Pictures aside, copy exactly each line from the one that holds "Bedroom, Bed in Shibden Hall View" through the last line of the records below.

[Extracted records]
┄┄┄┄┄┄┄┄┄┄

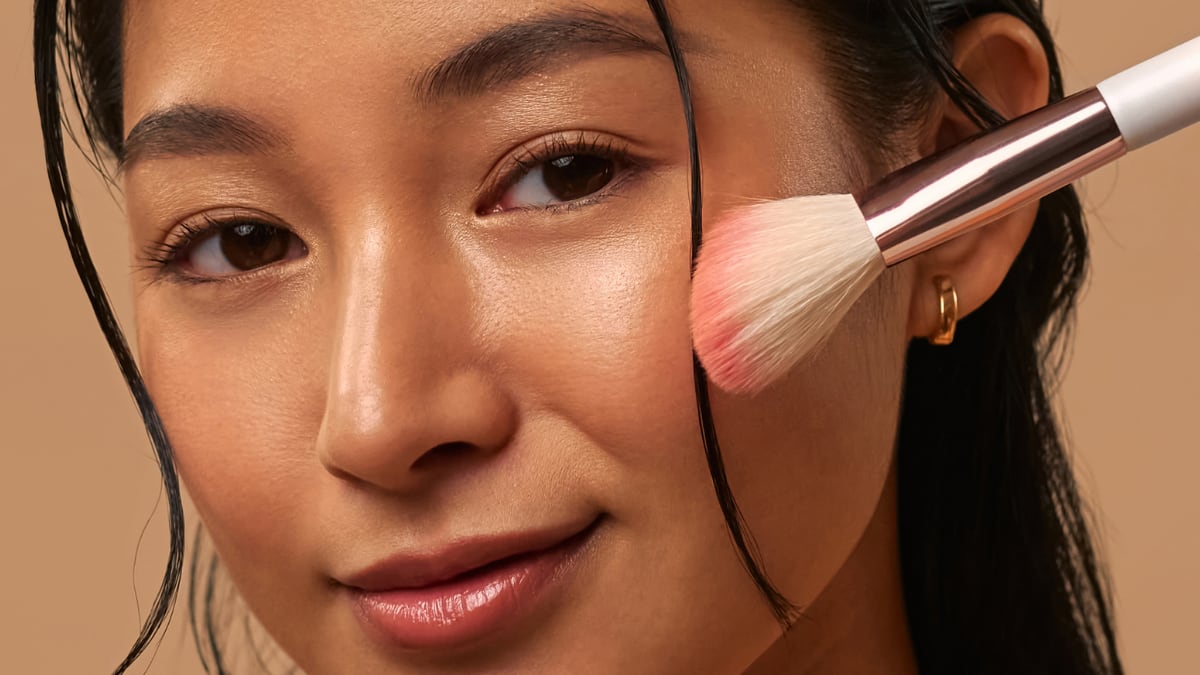 Parece un polvo compacto tradicional, pero este maquillaje de Avène esconde una fórmula con alta protección solar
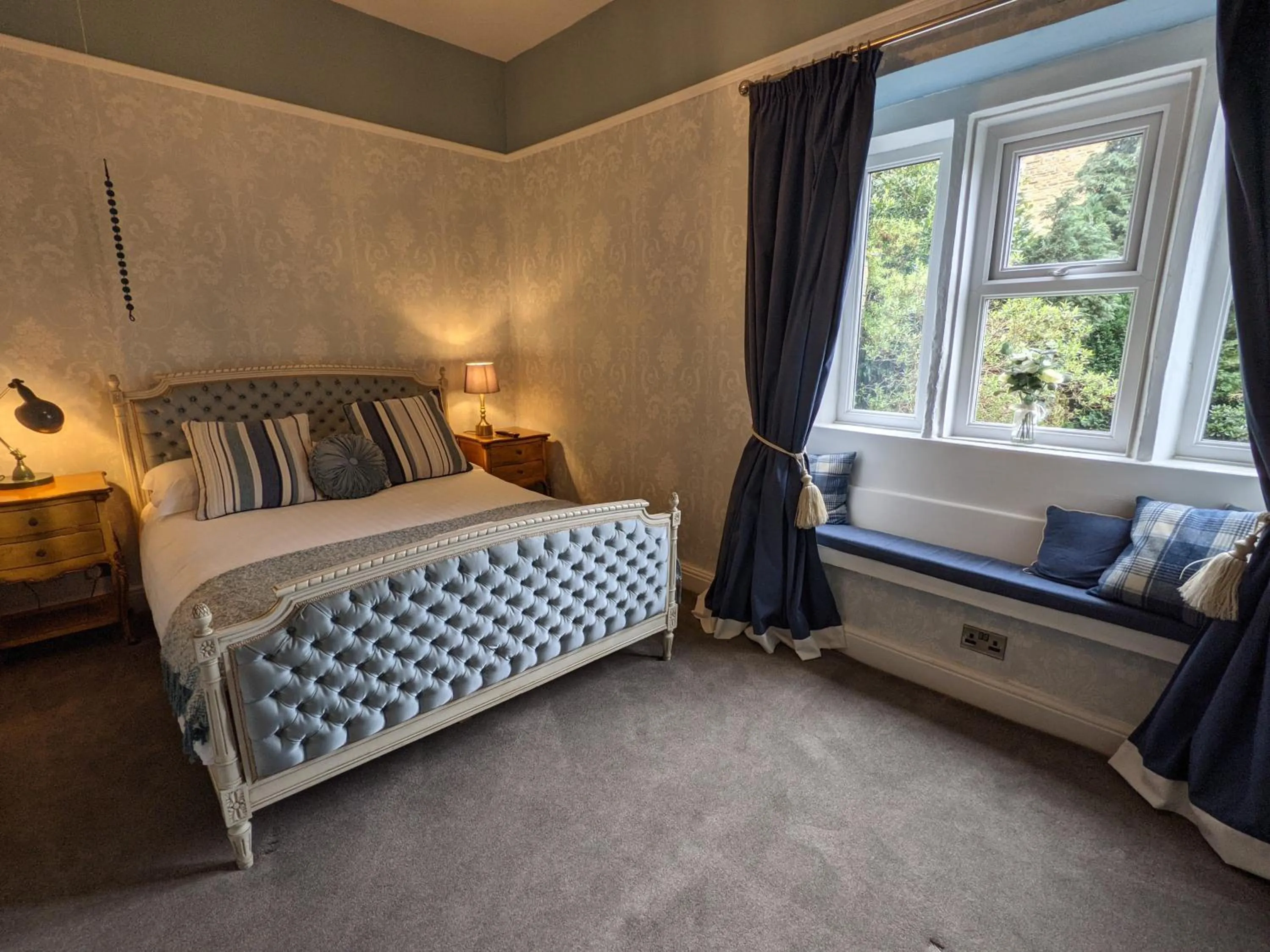 Bedroom, Bed in Shibden Hall View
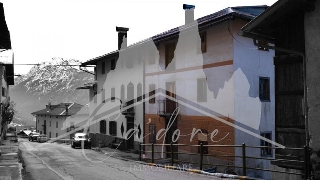 zoom immagine (Casa a schiera 342 mq, soggiorno, 3 camere, zona Comelico Superiore - Centro)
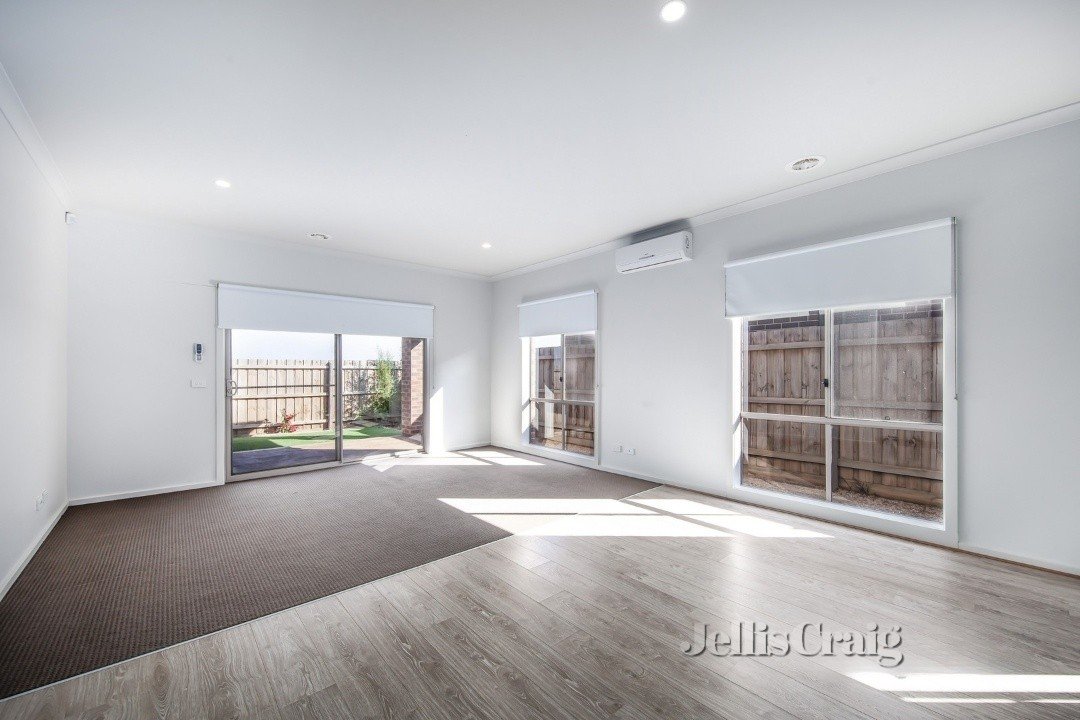 10 Canopy Way, Werribee image 2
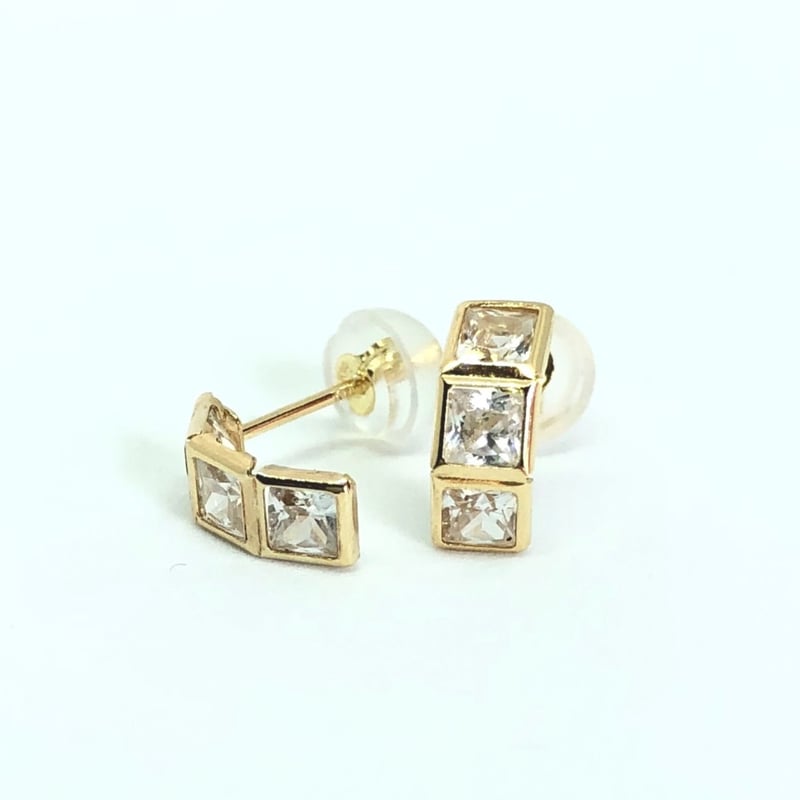 K18 スクエアカット 3連CZダイヤモンドピアス | La Melodia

┄┄┄┄┄┄┄┄┄┄

The answer:
 Bedroom, Bed in Shibden Hall View
 zoom immagine (Casa a schiera 342 mq, soggiorno, 3 camere, zona Comelico Superiore - Centro)
 10 Canopy Way, Werribee image 2
 K18 スクエアカット 3連CZダイヤモンドピアス | La Melodia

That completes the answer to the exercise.